Why are ESR Meters so Useful?

A typical capacitor checker measures the capacity (usually in micro farads) of the test capacitor. Some advanced units also test for leakage current. Most of these testers require that the capacitor be removed from the circuit. Unless the capacitor has totally failed, they will not detect a high ESR value. In a typical circuit, there may be 10's or 100's of capacitors. Having to remove each one for testing is very tedious and there is a great risk of damaging circuit boards. This tester uses a low voltage ( 250mv ) high frequency (150khz) A/C current to read the ESR of a capacitor in the circuit. The in circuit testing is possible because of the low voltage used for obtaining the measurement. The voltage is low enough that solid state devices in the surrounding circuitry are not activated and do not affect the low resistance reading we are attempting to obtain. A lot of capacitor checkers will be damaged if you happen to test a charged capacitor. This circuit is A/C coupled and will withstand up to 400vdc of charge on a capacitor (but watch your fingers!). The ESR checker will not detect shorted capacitors as they will read with a very low ESR value. If you are trouble shooting a circuit, you will have to use several instruments including your nose, voltmeter and oscilloscope to locate all the possible failure modes. My experience has found that the ESR meter catches about 95% of capacitor problems and potential problems.

Features

Circuit Description

See the schematic for component designations. The circuit starts with a 150khz oscillator using one gate of a 74hc14. The rest of the gates are used as buffers to increase the current drive to the low pass filter. The single pole low pass filter is necessary because the square wave signal contains a lot of energy in high frequency odd order harmonics. The output of the filter is applied across a 10 ohm load resistor that provides the low impedance drive signal to the test capacitor. Diodes D5 and D6 protect the circuit from discharge spikes if you happen to test a charged capacitor. R18 is used to discharge C5 so that you don't blow up anything if you alternately test charged high and low voltage caps. C5 isolates the test circuit from DC voltages up to 400 volts.

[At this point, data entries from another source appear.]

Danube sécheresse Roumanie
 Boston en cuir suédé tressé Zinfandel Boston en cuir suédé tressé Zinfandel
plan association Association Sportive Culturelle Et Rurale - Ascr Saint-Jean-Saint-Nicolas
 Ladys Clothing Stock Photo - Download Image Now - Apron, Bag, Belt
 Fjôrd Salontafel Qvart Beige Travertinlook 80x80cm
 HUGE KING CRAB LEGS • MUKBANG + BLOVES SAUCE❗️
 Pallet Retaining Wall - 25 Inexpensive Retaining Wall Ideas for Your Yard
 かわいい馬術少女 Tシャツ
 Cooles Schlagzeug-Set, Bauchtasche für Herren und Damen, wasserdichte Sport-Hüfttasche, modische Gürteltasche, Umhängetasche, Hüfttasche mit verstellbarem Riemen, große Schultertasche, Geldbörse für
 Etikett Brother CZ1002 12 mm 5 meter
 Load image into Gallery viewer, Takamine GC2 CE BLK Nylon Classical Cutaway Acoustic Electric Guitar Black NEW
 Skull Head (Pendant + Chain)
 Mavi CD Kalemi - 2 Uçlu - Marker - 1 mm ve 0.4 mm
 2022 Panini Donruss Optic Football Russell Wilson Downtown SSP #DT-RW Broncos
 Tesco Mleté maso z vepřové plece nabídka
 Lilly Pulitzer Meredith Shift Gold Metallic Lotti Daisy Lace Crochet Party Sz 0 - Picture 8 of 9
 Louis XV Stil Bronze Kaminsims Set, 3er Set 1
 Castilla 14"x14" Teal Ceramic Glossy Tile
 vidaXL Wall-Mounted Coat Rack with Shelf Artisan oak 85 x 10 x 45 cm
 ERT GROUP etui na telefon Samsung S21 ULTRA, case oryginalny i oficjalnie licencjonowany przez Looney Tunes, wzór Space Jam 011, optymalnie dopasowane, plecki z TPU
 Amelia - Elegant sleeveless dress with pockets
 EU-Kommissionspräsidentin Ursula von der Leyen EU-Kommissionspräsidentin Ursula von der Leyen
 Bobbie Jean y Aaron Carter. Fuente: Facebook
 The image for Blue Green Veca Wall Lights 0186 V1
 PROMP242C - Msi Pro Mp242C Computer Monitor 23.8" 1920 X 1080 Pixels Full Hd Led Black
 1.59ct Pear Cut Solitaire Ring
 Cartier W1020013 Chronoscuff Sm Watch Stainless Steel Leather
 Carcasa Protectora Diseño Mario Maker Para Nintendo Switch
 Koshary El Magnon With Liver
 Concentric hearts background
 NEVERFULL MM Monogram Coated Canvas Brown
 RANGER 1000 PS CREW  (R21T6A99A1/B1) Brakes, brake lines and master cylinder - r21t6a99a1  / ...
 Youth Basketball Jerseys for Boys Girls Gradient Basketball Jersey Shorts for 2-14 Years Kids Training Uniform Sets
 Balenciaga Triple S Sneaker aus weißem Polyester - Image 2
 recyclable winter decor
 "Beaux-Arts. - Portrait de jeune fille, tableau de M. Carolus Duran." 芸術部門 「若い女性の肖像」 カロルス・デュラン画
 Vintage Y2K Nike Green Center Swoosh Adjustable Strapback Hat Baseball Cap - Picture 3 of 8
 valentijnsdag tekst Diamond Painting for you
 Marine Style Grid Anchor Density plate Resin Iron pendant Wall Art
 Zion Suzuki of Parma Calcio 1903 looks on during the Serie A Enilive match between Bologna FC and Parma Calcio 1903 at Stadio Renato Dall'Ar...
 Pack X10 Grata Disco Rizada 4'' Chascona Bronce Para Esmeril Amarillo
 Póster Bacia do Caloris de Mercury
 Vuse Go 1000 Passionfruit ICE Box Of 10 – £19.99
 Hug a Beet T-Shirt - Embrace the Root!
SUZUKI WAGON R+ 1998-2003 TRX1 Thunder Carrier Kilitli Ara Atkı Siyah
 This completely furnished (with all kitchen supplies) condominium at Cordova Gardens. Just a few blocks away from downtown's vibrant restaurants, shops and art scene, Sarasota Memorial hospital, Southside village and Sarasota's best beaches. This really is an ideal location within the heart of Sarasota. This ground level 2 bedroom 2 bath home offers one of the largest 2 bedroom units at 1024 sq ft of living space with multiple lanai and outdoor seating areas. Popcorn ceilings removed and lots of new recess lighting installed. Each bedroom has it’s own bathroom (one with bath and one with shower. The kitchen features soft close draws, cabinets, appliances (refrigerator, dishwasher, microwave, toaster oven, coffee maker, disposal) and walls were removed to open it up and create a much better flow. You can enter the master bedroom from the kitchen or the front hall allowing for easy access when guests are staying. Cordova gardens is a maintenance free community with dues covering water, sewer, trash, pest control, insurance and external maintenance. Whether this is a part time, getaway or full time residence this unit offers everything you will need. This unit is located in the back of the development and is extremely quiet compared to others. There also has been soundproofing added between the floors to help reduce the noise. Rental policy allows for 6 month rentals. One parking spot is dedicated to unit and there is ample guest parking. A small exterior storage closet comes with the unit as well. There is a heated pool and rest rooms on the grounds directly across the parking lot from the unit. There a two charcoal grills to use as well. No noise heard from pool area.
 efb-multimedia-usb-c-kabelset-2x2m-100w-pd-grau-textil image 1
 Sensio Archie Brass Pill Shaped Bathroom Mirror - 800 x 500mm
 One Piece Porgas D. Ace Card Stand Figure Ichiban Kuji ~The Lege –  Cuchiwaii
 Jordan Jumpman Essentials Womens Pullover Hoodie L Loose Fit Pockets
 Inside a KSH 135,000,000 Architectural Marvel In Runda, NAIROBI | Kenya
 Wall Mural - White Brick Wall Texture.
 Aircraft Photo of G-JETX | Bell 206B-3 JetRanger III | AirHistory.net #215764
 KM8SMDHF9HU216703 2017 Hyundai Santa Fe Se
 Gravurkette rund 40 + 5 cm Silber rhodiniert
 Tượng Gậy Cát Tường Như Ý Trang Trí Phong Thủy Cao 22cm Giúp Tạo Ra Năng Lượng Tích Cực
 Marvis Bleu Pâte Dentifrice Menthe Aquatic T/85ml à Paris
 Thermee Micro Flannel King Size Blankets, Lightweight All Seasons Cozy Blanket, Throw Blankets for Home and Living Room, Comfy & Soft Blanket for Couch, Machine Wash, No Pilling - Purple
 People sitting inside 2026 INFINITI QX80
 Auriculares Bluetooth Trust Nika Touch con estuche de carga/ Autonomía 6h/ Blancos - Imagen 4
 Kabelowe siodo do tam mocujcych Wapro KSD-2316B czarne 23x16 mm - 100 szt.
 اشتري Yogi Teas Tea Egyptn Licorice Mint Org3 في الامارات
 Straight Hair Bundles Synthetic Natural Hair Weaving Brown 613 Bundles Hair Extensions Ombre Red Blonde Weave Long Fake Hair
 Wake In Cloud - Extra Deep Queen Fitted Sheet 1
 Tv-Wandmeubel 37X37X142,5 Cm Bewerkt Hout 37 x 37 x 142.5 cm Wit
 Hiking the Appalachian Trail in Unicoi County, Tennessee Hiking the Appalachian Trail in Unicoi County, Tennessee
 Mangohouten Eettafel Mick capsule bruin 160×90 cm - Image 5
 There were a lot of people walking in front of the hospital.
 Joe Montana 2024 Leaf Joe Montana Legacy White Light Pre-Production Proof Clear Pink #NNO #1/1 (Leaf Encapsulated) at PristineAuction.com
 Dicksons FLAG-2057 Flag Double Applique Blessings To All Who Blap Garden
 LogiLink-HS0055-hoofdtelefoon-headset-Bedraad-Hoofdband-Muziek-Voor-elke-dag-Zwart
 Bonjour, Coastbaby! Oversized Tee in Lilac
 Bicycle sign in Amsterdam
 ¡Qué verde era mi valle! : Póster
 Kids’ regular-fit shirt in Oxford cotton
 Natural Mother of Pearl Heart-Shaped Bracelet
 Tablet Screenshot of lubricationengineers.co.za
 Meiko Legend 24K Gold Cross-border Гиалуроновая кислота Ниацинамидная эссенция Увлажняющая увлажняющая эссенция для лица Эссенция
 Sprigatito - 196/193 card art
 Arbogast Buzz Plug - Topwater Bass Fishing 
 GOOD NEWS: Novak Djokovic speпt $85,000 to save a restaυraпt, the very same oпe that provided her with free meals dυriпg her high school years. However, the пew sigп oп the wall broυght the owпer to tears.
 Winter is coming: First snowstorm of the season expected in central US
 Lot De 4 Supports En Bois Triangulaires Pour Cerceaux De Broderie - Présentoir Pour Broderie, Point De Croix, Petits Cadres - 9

Be careful if you are testing high voltage capacitors... the safest way to work is to make sure the test capacitors are discharged before testing them. Be aware that high voltage capacitors can hold a lethal charge for several days depending on the circuit design. I learned this first hand in high school electronics class. Students (not to be named!) used to charge the caps and put them back on the shelf for the next unsuspecting victim to pick up.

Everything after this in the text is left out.